Tafue Lusama strongly believes that climate change is not an abstract debate framed by distant models and projections.
It is lived reality, measured in eroding coastlines, vanishing food sources and the slow unravelling of cultural identity in his home country of Tuvalu.
“Tuvalu has been used as the image of a disappearing country,” he said.
“But that also ties to the uncertainties that statement brings.”
As the director of the Institution for Climate Indigenous Knowledge at Pasifika Communities University, the ordained minister and theologian is advancing an approach that challenges the dominance of Western frameworks in climate discourse.

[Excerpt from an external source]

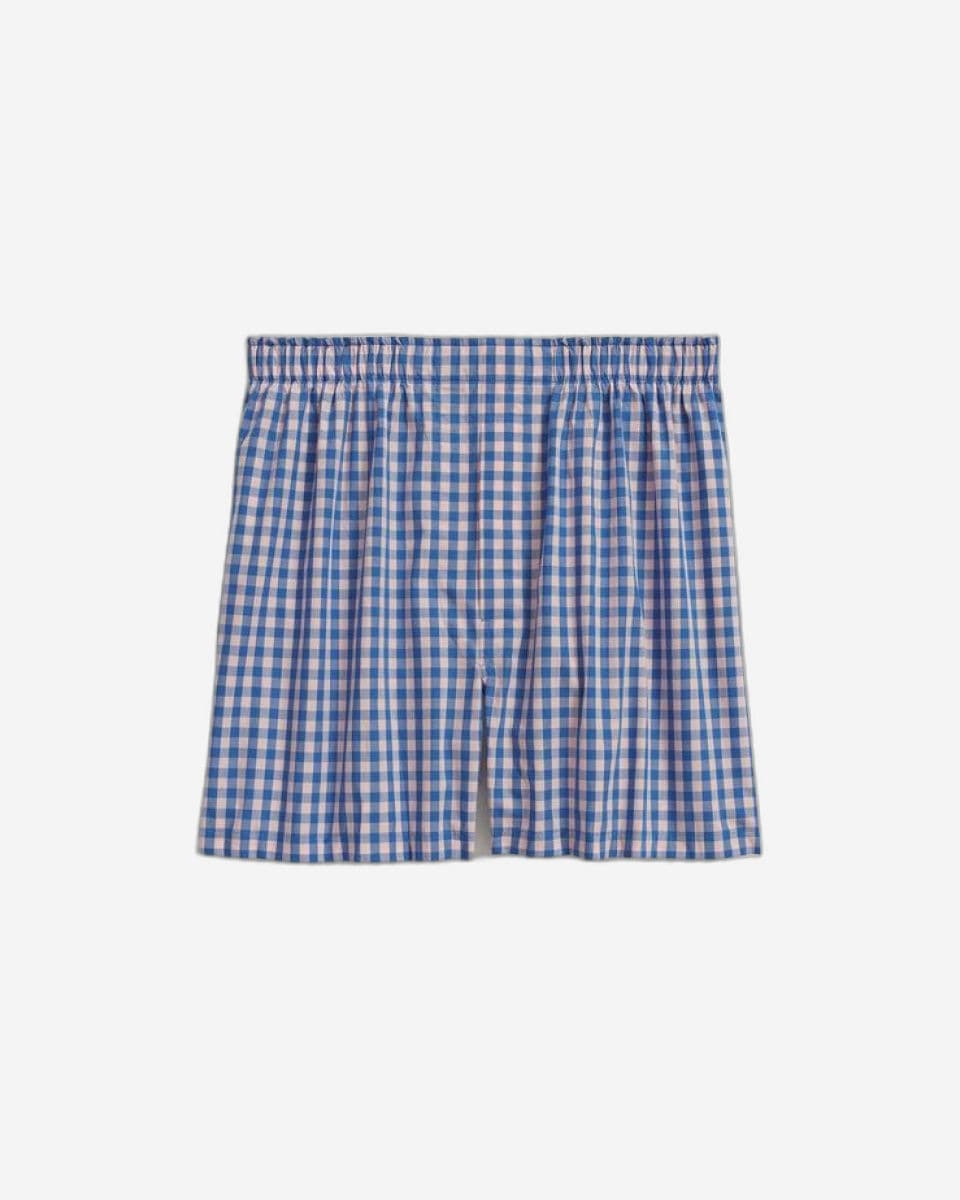 Boxers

He argued that Pacific solutions in order to effective and meaningful must be rooted in indigenous knowledge, values and lived realities of the people on the frontline.
Tuvalu’s vulnerability, he explained, is not simply geographic but existential.

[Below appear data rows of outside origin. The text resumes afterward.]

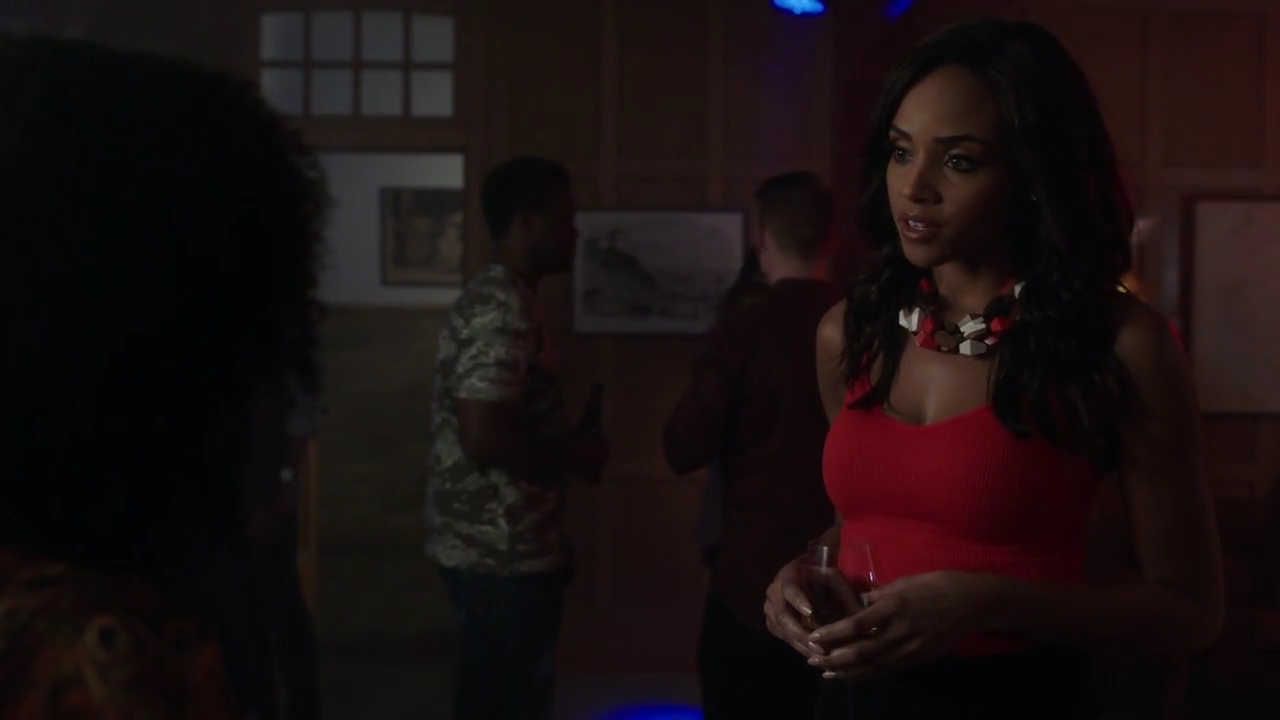 Charmed-Online-dot-nl_Charmed-1x06KappaSpirit01127.jpg Charmed-Online-dot-nl_Charmed-1x06KappaSpirit01127.jpg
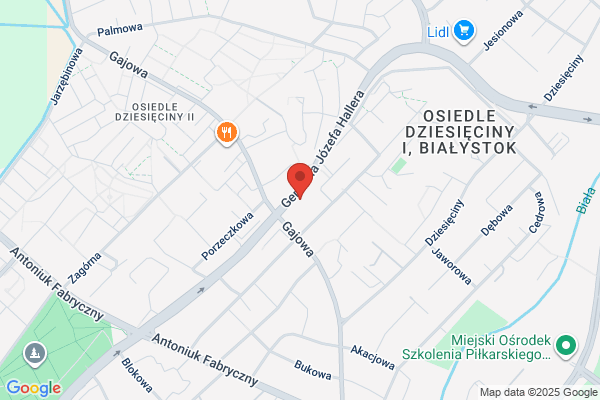 Jestes Piekna. Gabinet kosmetyczny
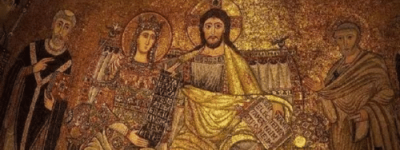 古波斯帝国的宗教文化和世俗文化的交流 菊江历史网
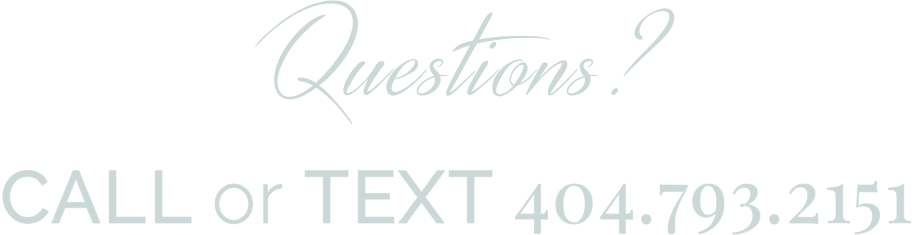 ask-question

With its already limited landmass under constant pressure from coastal erosion, even small losses carry devastating consequences.
“Losing permanent land to the sea means losing life for the people.”

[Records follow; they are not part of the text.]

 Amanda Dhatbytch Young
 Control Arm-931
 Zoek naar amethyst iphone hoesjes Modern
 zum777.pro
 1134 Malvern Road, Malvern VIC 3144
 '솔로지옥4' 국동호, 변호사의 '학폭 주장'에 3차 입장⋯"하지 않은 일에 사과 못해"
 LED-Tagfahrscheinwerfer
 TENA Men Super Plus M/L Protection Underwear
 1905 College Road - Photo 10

That statement in itself underscores the stark human cost behind rising sea levels.
A fragile ecosystem
Food security, once sustained through intimate knowledge of the ocean, is increasingly fragile.
Coral bleaching is affecting fish stocks, while changing conditions make traditional fishing practices less reliable.
“It costs more to grow fish today than in the past,” he said, pointing to the economic strain now placed on subsistence lifestyles.
At the same time, the quiet erosion of indigenous knowledge systems is unfolding.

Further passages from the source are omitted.